Earlier this morning, the Australian High Court ruled that the BRCA1 gene - which is linked to a significant increase in breast and ovarian cancer risk - isn't a "patentable invention". The decision means that a single company will no longer be able to control research on the gene, or receive all the profits from testing for it.

Prior to this, US biotech company Myriad Genetics held the patent for BRCA1 in Australia, and its claim was upheld by the Federal Court during two earlier cases. But now the High Court has overturned those rulings and declared that the gene can't be patented, as it's simply been isolated, and not manufactured, by Myriad.

The decision comes two years after a similar ruling was made by the US Supreme Court, which declared in June 2013 that naturally occurring DNA, such as the BRCA1 gene, couldn't be patented.

The case against Myriad Genetics in Australia was led by two-time cancer survivor Yvonne D'Arcy from Brisbane, who endeavoured to make breast cancer genetic testing more affordable for everyone, and open up the research so new treatments for genetic diseases could be developed.

"The testing will be a lot cheaper and it will be more available … rather than using only Myriad's agents at a price that nobody really can afford," D'Arcy told ABC News after her win. "For all those people who do have the genetic footprint for breast cancer or any cancer basically, it's a win for them because now they're forewarned."

Myriad's argument was that its researchers had created an "artificial state of affairs" by isolating the gene from the human body, and that by patenting BRCA1, they were insuring that research into the gene would be commercialised. But the High Court unanimously decided today that the gene didn't classify as having been "manufactured" - one of the requirements for patent law in Australia.

"While the invention claimed might be, in a formal sense, a product of human action, it was the existence of the information stored in the relevant sequences that was an essential element of the invention as claimed," the High Court concluded in a statement to the press.

Incidentally, Myriad's patent had expired in August anyway, so the decision won't have an impact on the availability of BRCA1 testing in Australia.

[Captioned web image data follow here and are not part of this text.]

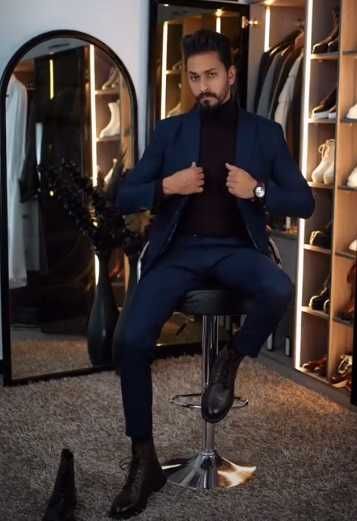 Costum slim premium APOLON NOU 48 M lana extrafina albastru inchis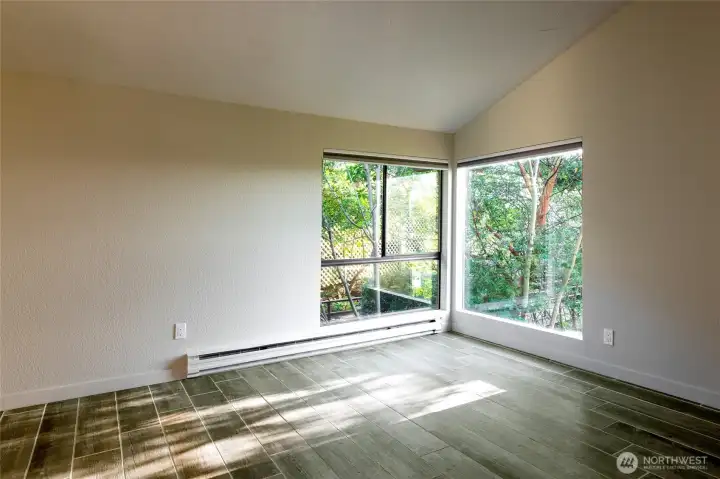 Lower Level Bedroom, workout room, flex space or office. Lower Level Bedroom, workout room, flex space or office.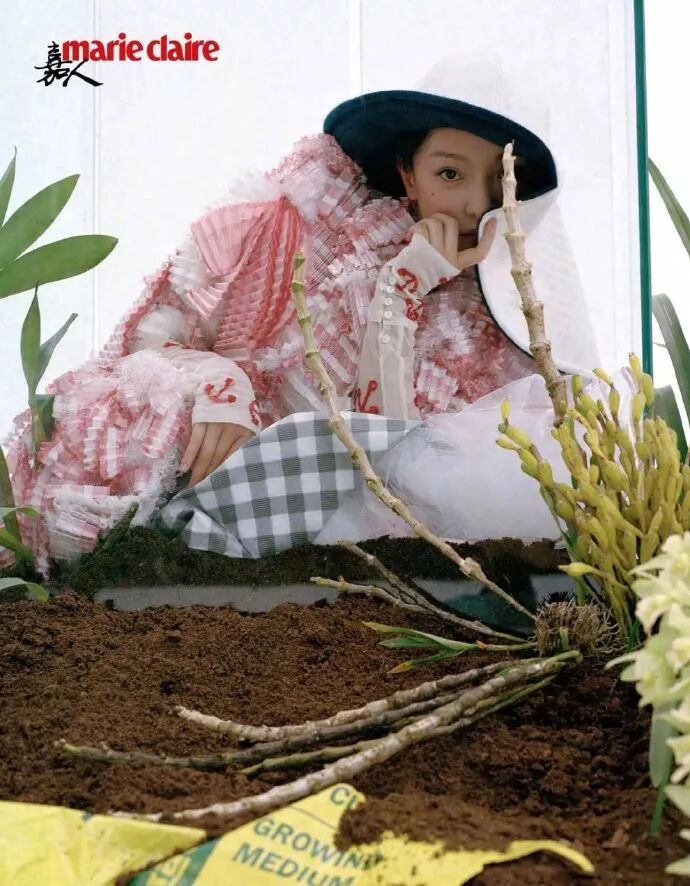 藝周爆米花頒獎禮 | 趙薇周迅登封鬥艷 宋茜紅衣殺唐嫣佟麗婭撞衫PK 時尚 第21張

But it's a landmark ruling that sets a precedent for future cases over proprietary of the human genome.

"We have been waiting almost 30 years for a decision of this nature, on the issue of whether isolated DNA sequences are patentable subject matter," said Dianne Nicol, director of the Centre for Law and Genetics at the University of Tasmania. "What is important is its effect on the availability of patents in new areas of technology more generally.